August, 2003 | Mikhail Bilenko and Raymond J. Mooney
The paper presents a framework for improving duplicate detection in databases using trainable measures of textual similarity. The authors propose employing learnable text distance functions for each database field to adapt to the specific domain's notion of similarity. Two learnable text similarity measures are introduced: an extended variant of learnable string edit distance and a novel vector-space-based measure using a Support Vector Machine (SVM) for training. Experimental results on various datasets show that the proposed framework can enhance duplicate detection accuracy compared to traditional techniques. The overall system, MARLIN (Multiply Adaptive Record Linkage with INduction), employs a two-level learning approach, first training string similarity measures for each field and then learning a final predicate for detecting duplicate records using SVMs. The paper also discusses the background of string similarity metrics, the practical considerations of learnable distance metrics, and the combination of similarity across multiple fields.
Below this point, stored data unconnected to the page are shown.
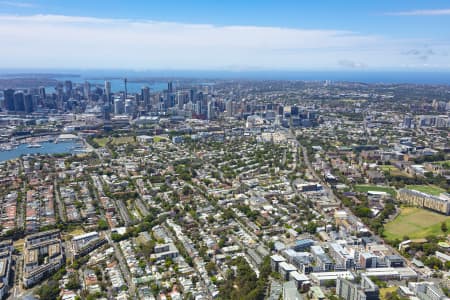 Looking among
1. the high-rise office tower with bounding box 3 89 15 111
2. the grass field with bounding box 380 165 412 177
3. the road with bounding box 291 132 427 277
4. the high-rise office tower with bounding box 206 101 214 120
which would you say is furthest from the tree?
the high-rise office tower with bounding box 3 89 15 111

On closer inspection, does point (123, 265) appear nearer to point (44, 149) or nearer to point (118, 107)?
point (44, 149)

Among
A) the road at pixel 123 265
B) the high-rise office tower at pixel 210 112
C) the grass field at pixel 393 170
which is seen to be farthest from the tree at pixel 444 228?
the high-rise office tower at pixel 210 112

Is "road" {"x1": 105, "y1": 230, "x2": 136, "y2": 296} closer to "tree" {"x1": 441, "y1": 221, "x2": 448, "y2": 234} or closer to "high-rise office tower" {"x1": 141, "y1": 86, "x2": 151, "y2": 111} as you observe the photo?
"tree" {"x1": 441, "y1": 221, "x2": 448, "y2": 234}

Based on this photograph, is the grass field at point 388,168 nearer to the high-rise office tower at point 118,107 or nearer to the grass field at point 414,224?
the grass field at point 414,224

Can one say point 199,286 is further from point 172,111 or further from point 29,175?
point 172,111

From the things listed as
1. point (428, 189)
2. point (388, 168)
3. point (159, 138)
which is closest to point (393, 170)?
point (388, 168)

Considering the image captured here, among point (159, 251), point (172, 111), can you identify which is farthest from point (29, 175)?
point (172, 111)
The experimental evaluation demonstrates the effectiveness of the proposed methods, particularly in multi-field duplicate detection.The paper presents a framework for improving duplicate detection in databases using trainable measures of textual similarity. The authors propose employing learnable text distance functions for each database field to adapt to the specific domain's notion of similarity. Two learnable text similarity measures are introduced: an extended variant of learnable string edit distance and a novel vector-space-based measure using a Support Vector Machine (SVM) for training. Experimental results on various datasets show that the proposed framework can enhance duplicate detection accuracy compared to traditional techniques. The overall system, MARLIN (Multiply Adaptive Record Linkage with INduction), employs a two-level learning approach, first training string similarity measures for each field and then learning a final predicate for detecting duplicate records using SVMs. The paper also discusses the background of string similarity metrics, the practical considerations of learnable distance metrics, and the combination of similarity across multiple fields. The experimental evaluation demonstrates the effectiveness of the proposed methods, particularly in multi-field duplicate detection.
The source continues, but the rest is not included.